大竹しのぶ(54)藤原竜也(30)が井上ひさし作、蜷川幸雄演出の舞台「日の浦姫物語」(11月10日~12月2日、東京・渋谷シアターコクーン)でダブル主演することが16日、分かった。「日の浦姫物語」は近親相姦(そうかん)というタブーを描き、78年に文学座が杉村春子さん(故人)主演で上演した。その後は再演されず幻の作品といわれ、34年ぶりの上演となる。

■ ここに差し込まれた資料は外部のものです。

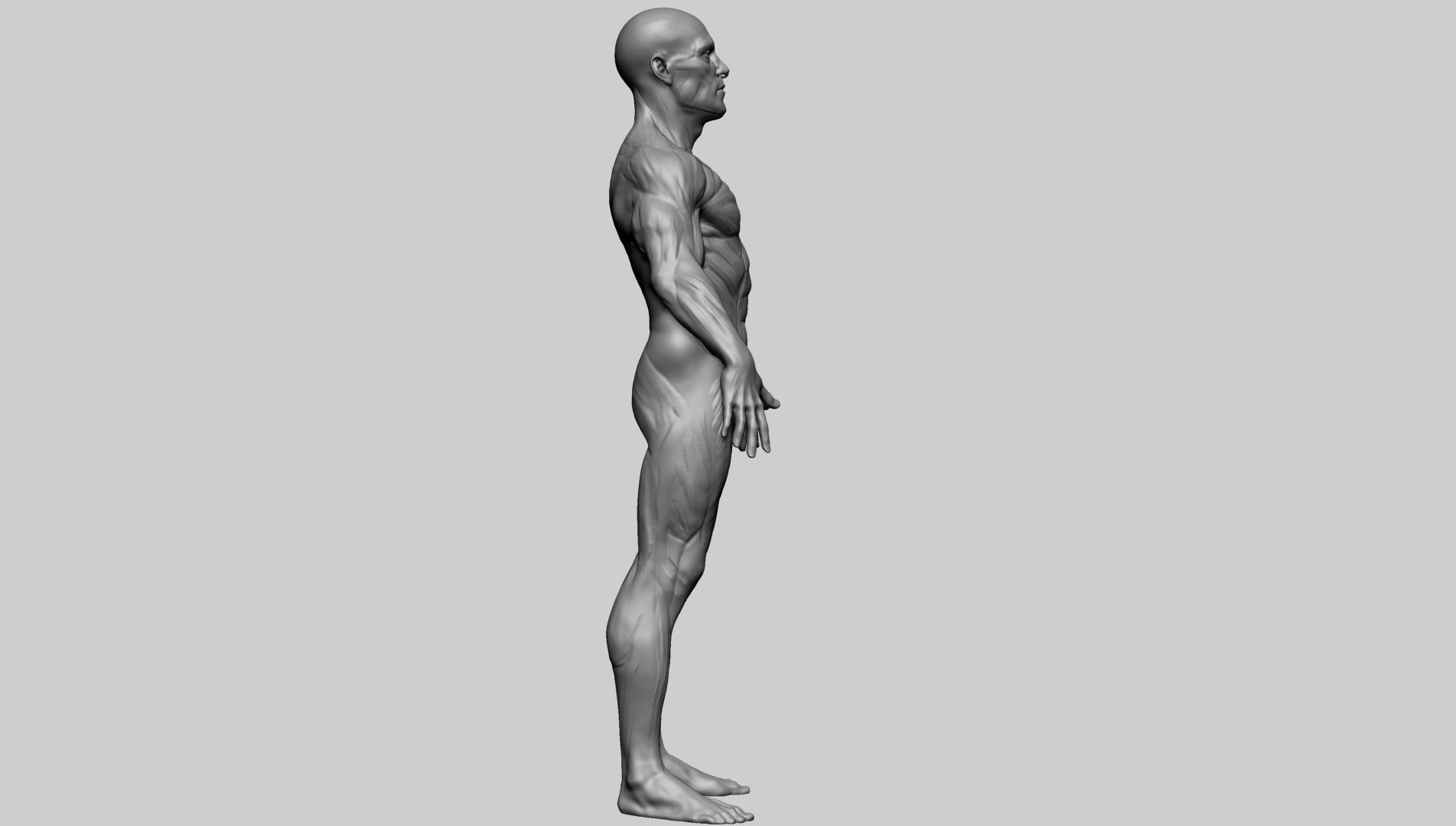 Male Anatomy E 3D model_4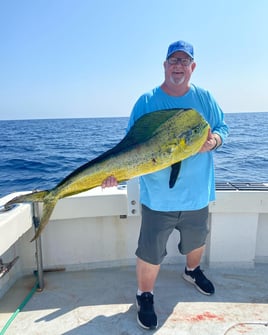 Mahi Mahi Fishing in Destin, Florida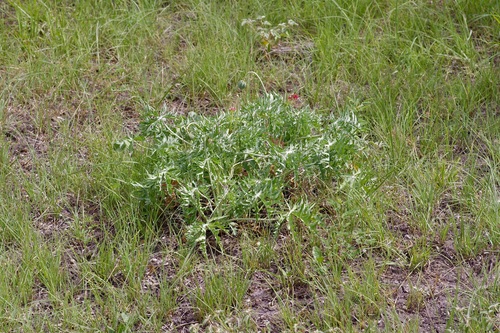 Berlandier's nettlespurge (Jatropha cathartica)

 説教聖と三味線弾き女が語る「日の浦姫物語」の説教。舞台は平安時代の奥州・米田庄で、美しい双子、稲若と日の浦姫は15歳の夏、父が亡くなった日に2人はタブーを犯して結ばれる。日の浦姫は身ごもるが、引き離され、赤子(魚名)も舟で流される。18年後、孤児の魚名は両親を捜す旅に出て、米田庄で出会った日の浦姫と恋に落ち、夫婦となって子を授かる。しかし、2人は後に母子と分かり、ともに自らを罰するため目を突く。再び離れ離れとなり、物語は18年後に飛ぶ。一大絵巻のような展開で、大竹は杉村さんが演じた日の浦姫、藤原は稲若と魚名の2役を演じる。

 演技派として活躍する2人だが、共演は初。藤原は「尊敬して大好きなしのぶさんと、テレビでも映画でもなく、舞台で初共演できるのはうれしいです。しのぶさんのパワーにどっぷりつかって演劇人としても人としても成長できれば」と話している。これまでの井上作品では、藤原は「ムサシ」「黙阿弥オペラ」、大竹が「太鼓たたいて笛ふいて」に主演。大竹は「井上さんに『いい芝居ですね~』って笑って喜んでいただけるよう頑張ります」と目標を掲げた。2人それぞれと数多くの舞台を手掛けてきた蜷川氏も「大竹さん、藤原くんが姉弟という異色のキャスティング。果たしてどんな姉弟愛を見せてくれるのか、今からドキドキして楽しみです」と期待している。